▶ **What you should do**
Skip the pictures and copy all the data that follows exactly.

▶ **Given information**
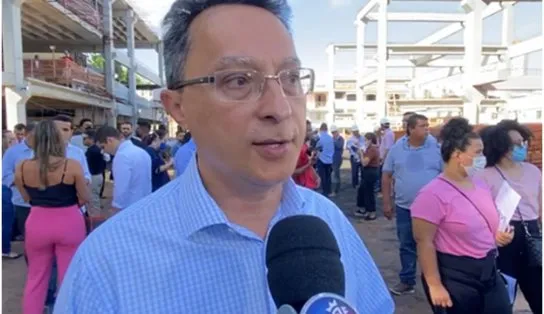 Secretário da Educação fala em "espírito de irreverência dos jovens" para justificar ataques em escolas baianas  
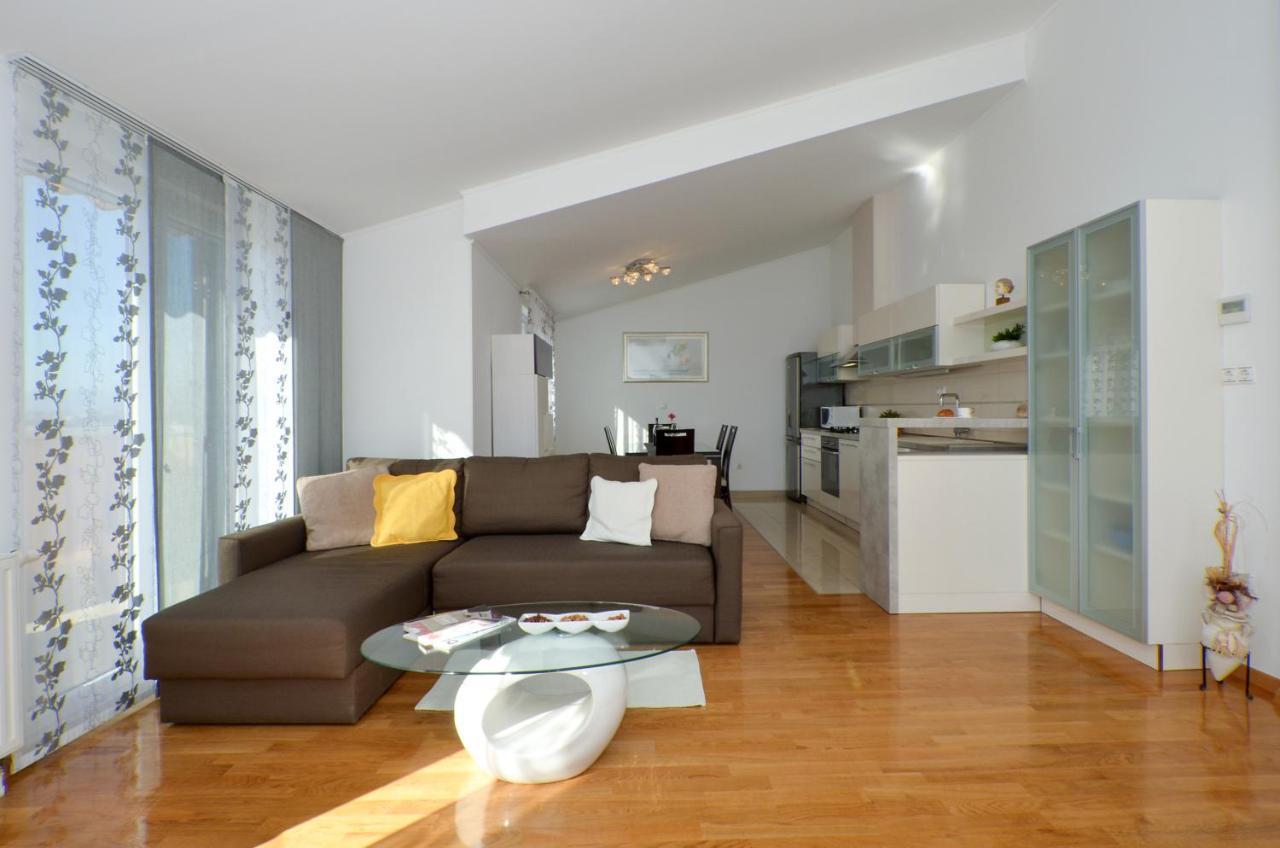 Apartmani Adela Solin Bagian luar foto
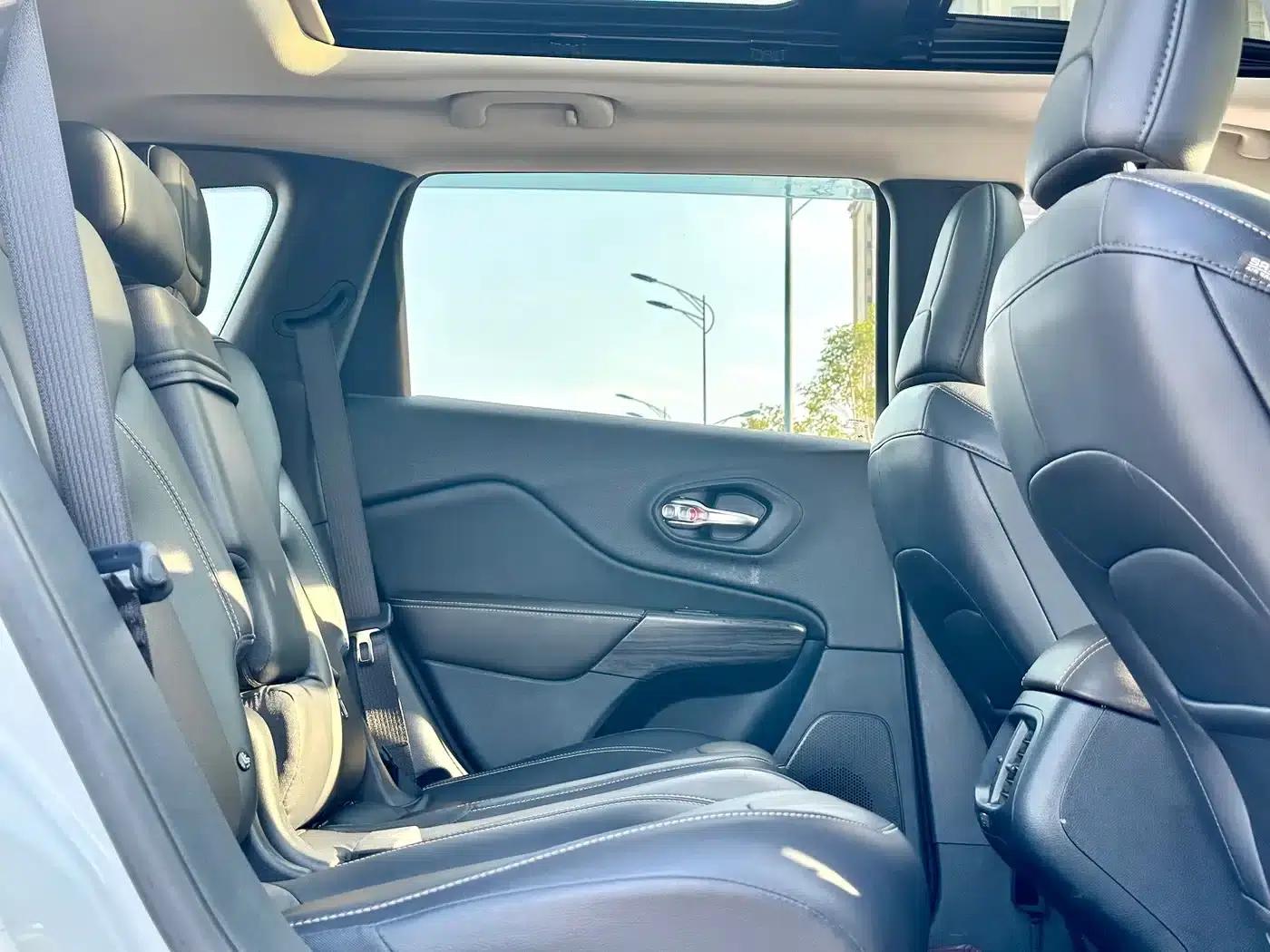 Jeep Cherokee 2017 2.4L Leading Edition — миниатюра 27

▶ **Reply to the exercise**
 Secretário da Educação fala em "espírito de irreverência dos jovens" para justificar ataques em escolas baianas  
 Apartmani Adela Solin Bagian luar foto
 Jeep Cherokee 2017 2.4L Leading Edition — миниатюра 27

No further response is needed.